If there are no independent variables, for example, an inclusive cross-section
measurement, an empty list should be specified, ``independent_variables: []``.
Specifying one or more ``independent_variables`` and an empty list for the
``dependent_variables`` is not supported.  An empty table can be given with
``{independent_variables: [], dependent_variables: []}`` if only metadata and
``additional__resources`` are needed for a particular dataset.

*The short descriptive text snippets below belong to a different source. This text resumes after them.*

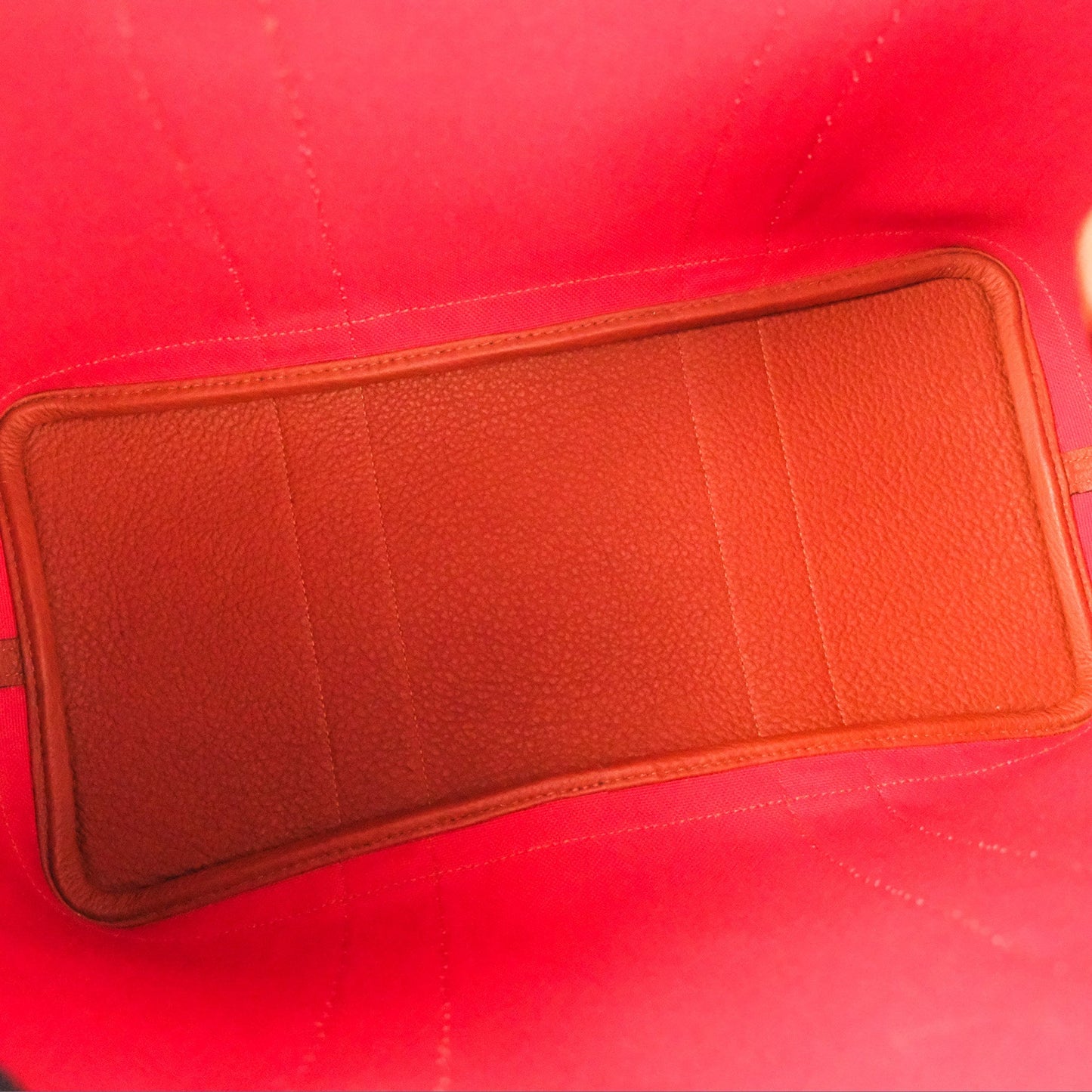 Hermès Garden Party 36 Red Clemence Canvas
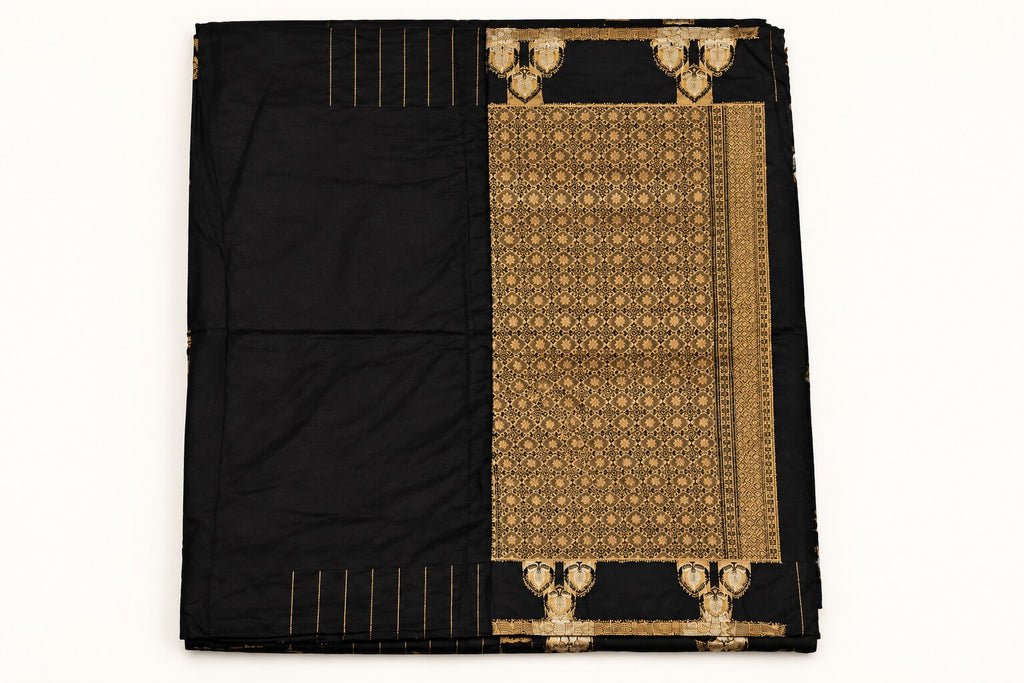 Black Saree with Antique Gold Zari Pallu – full view
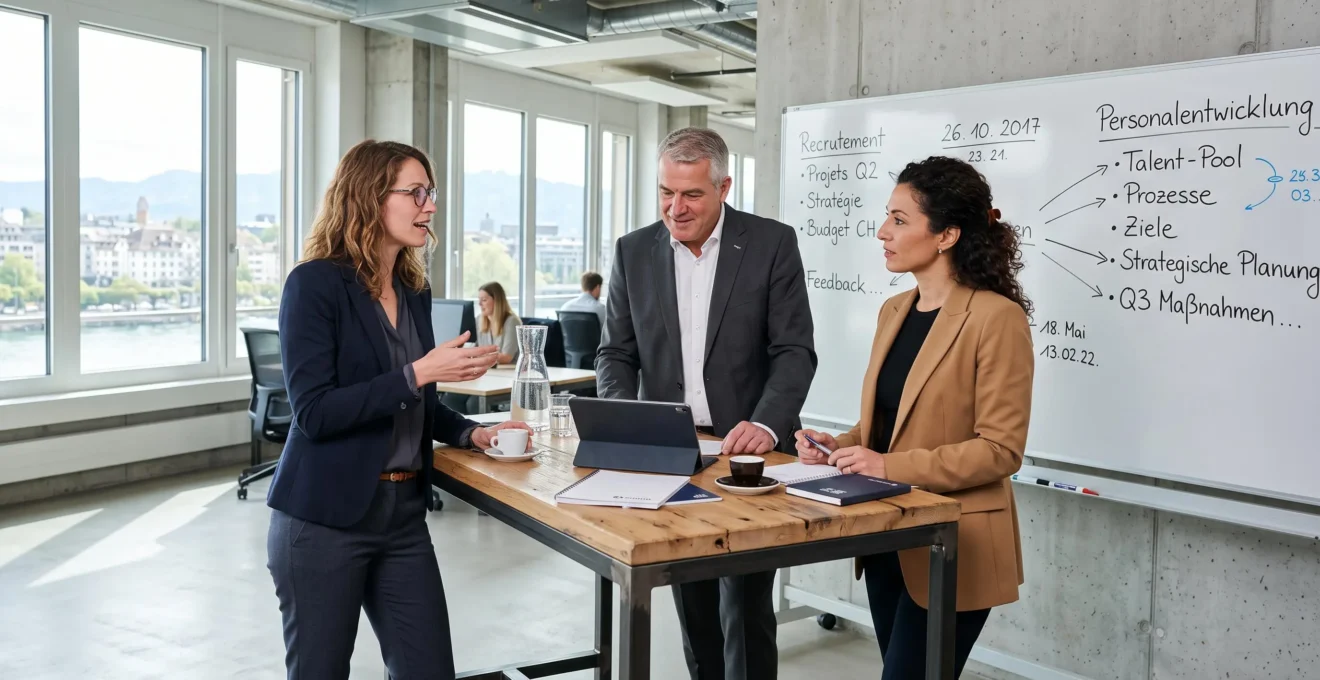 Trois consultants RH de profils linguistiques différents en réunion collaborative dans un espace de coworking moderne en Suisse, tableau avec notes multilingues visible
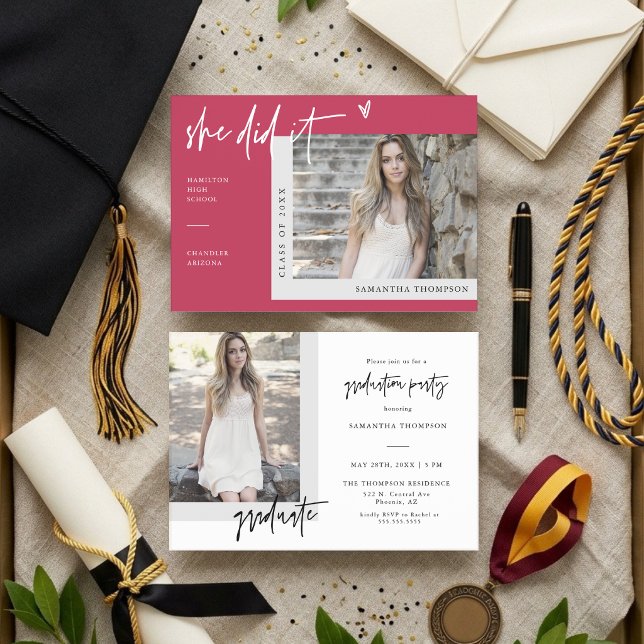 Viva Magenta She Did It Grad Photo Invite (Creator Uploaded)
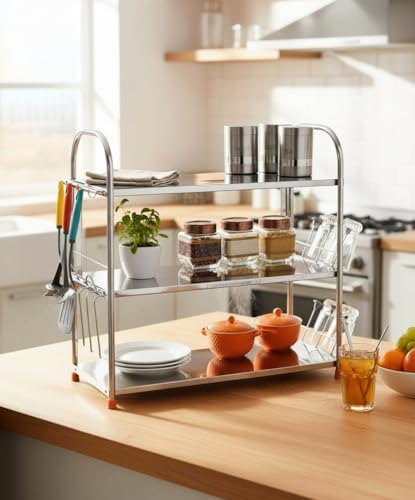 Image of AMOL Premium Stainless Steel 3 Layer Kitchen Shelf Rack | Rust-Proof Wall Mount Utensil Organizer with Glass & Spoon Holder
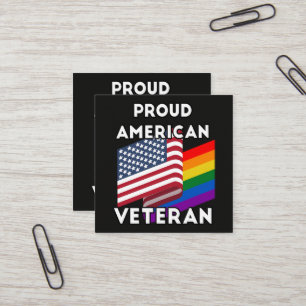 Cartão De Visita Quadrado Veteranos Lgbt - Bandeira Americana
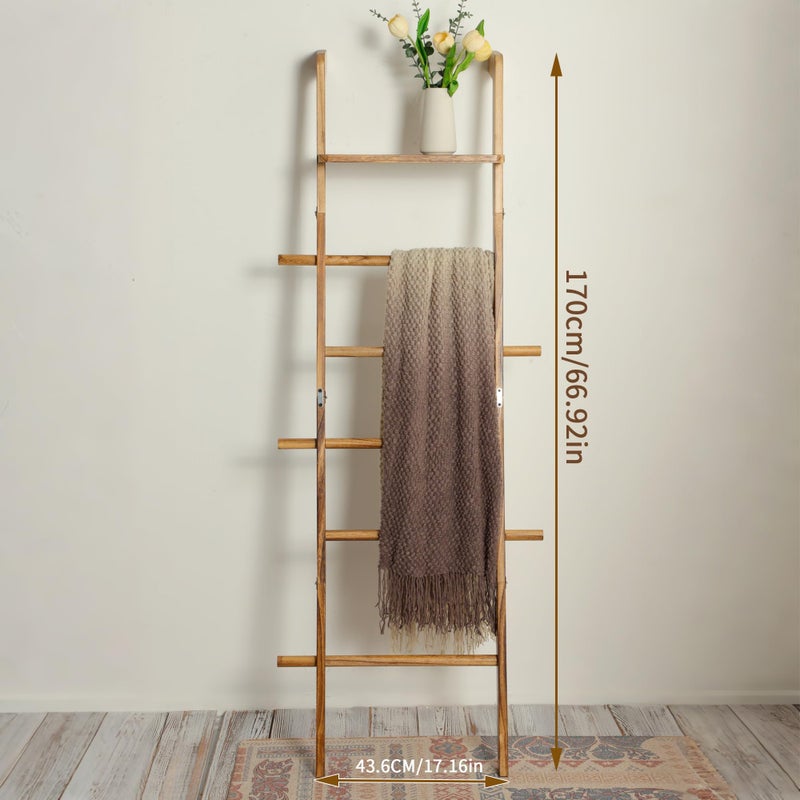ZUNTO Blanket Ladder with Top Shelf for The Living Room - 67in Decorative Wooden Blanket Holder, 5 Tier with Side Hooks for Hanging - Rustic Farmhouse Towel Throw Ladder Rack for Organize and Display - Image 3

Each variable comprises a header (the column name) and a list of values
(the rows in your table).  The header should define the variable
including units unless the variable is dimensionless.
For the dependent variables, you can also
define *qualifiers*.  These are extra metadata describing the
measurement, such as the energy, the reaction type, and possible
kinematic cuts on variables such as transverse momentum and
(pseudo)rapidity.


YAML data file example
----------------------

.. code-block:: yaml

   independent_variables:
   - header: {name: Leading dilepton PT, units: GEV}
     values:
     - {low: 0, high: 60}
     - {low: 60, high: 100}
     - {low: 100, high: 200}
     - {low: 200, high: 600}
   dependent_variables:
   - header: {name: 10**6 * 1/SIG(fiducial) * D(SIG(fiducial))/DPT, units: GEV**-1}
     qualifiers:
     - {name: RE, value: P P --> Z0 < LEPTON+ LEPTON- > Z0 < LEPTON+ LEPTON- > X}
     - {name: SQRT(S), units: GEV, value: 7000}
     values:
     - value: 7000
       errors:
       - {symerror: 1100, label: stat}
       - {symerror: 79, label: 'sys,detector'}
       - {symerror: 15, label: 'sys,background'}
     - value: 9800
       errors:
       - {symerror: 1600, label: stat}
       - {symerror: 75, label: 'sys,detector'}
       - {symerror: 15, label: 'sys,background'}
     - value: 1600
       errors:
       - {symerror: 490, label: stat}
       - {symerror: 41, label: 'sys,detector'}
       - {symerror: 2, label: 'sys,background'}
     - value: 80
       errors:
       - {symerror: 60, label: stat}
       - {symerror: 2, label: 'sys,detector'}
       - {symerror: 0, label: 'sys,background'}


Uncertainties
-------------

Multiple uncertainties can be assigned to each data point, each with
an optional label to distinguish them.  There are two main classes
of uncertainty that can be encoded: symmetric errors and
asymmetric errors.  A symmetric error allows you to specify plus
and minus errors using one value, e.g. ``symerror: 0.4``, while an
asymmetric error allows both plus and minus errors to be explicitly
encoded, e.g. ``asymerror: {plus: 0.4, minus: -0.3}``.  Note that here
"plus" and "minus" can refer to "up" and "down" variations of the
source of uncertainty, and do not necessarily match the sign of the
resultant uncertainty on the measurement (which can change sign along a
distribution).  Note that ``symerror: 0.4`` is equivalent to
``asymerror: {plus: 0.4, minus: -0.4}``.  The opposite-sign case,
``symerror: -0.4`` is equivalent to ``asymerror: {plus: -0.4, minus: 0.4}``.
A one-sided uncertainty can be represented
using an empty string, e.g. ``asymerror: {plus: '', minus: -0.3}``.
Error values are normally taken as absolute, but relative errors
can be specified by including a ``%`` symbol after the number to define
the error as a percentage of the central ``value``.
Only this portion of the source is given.